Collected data
== == ==
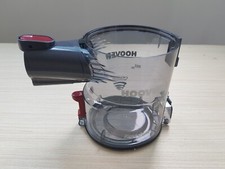 Hoover 48021902 contenitore usato  Thiene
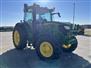 John Deere 2024 6R 130 Other Tractors
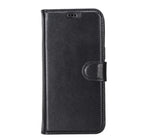 Casper iPhone 13 Series Magsafe Leather Wallet Case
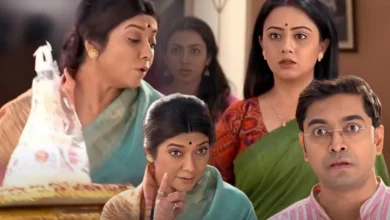 kkmk episode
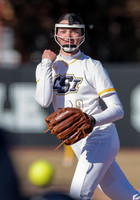 02282025 NIC vs. CSI SB Game 2  020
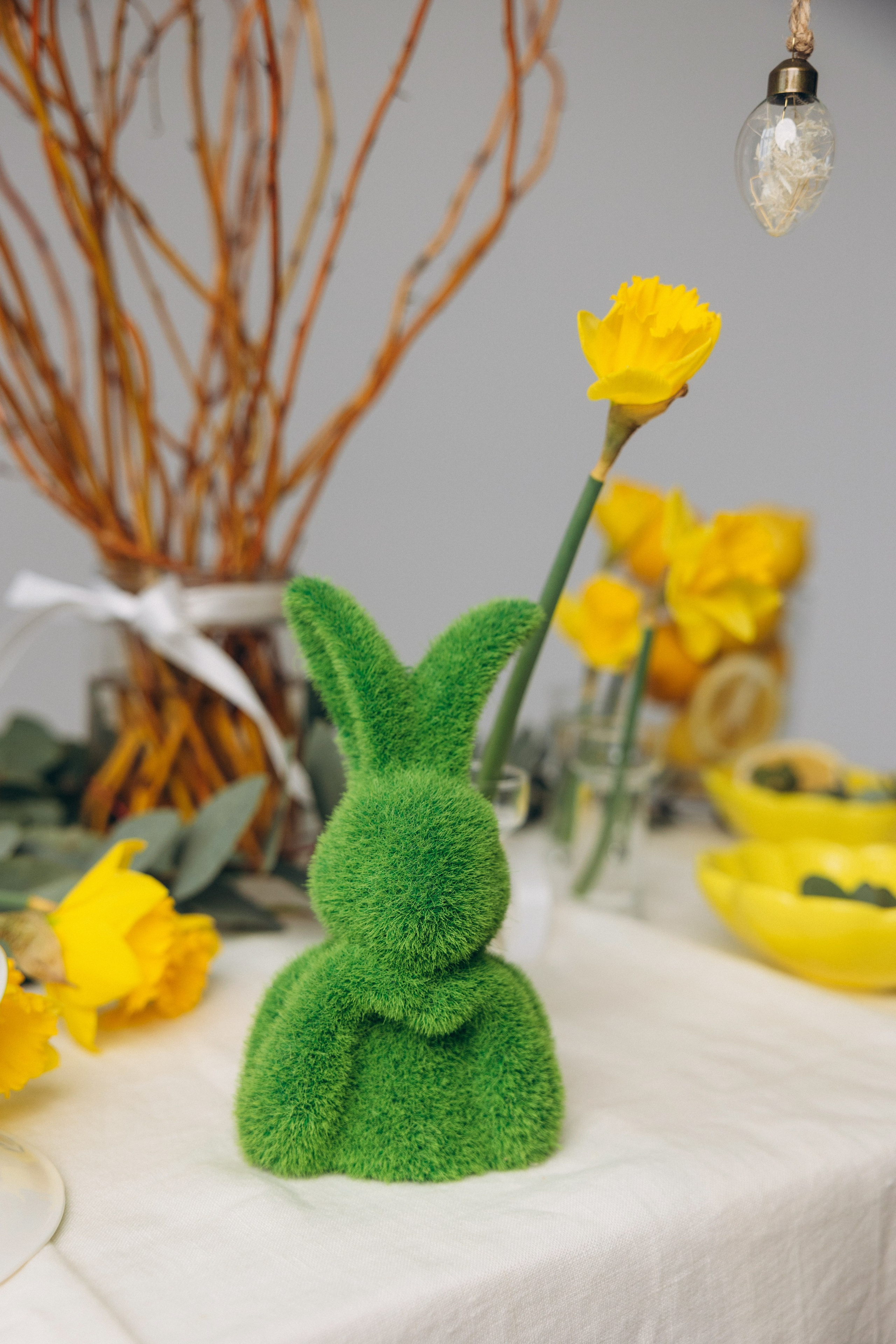 Nastrój w kolorze żółtym. Anna Rudnichenko Fotograf Szczecin / Анна Рудніченко Фотограф Щецин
== == ==
ABOUT THIS EXERCISE:
The line containing "02282025 NIC vs." and every line after it, through the end of the data, are to be output exactly. Omit the pictures.

FINISHED TASK:
 02282025 NIC vs. CSI SB Game 2  020
 Nastrój w kolorze żółtym. Anna Rudnichenko Fotograf Szczecin / Анна Рудніченко Фотограф Щецин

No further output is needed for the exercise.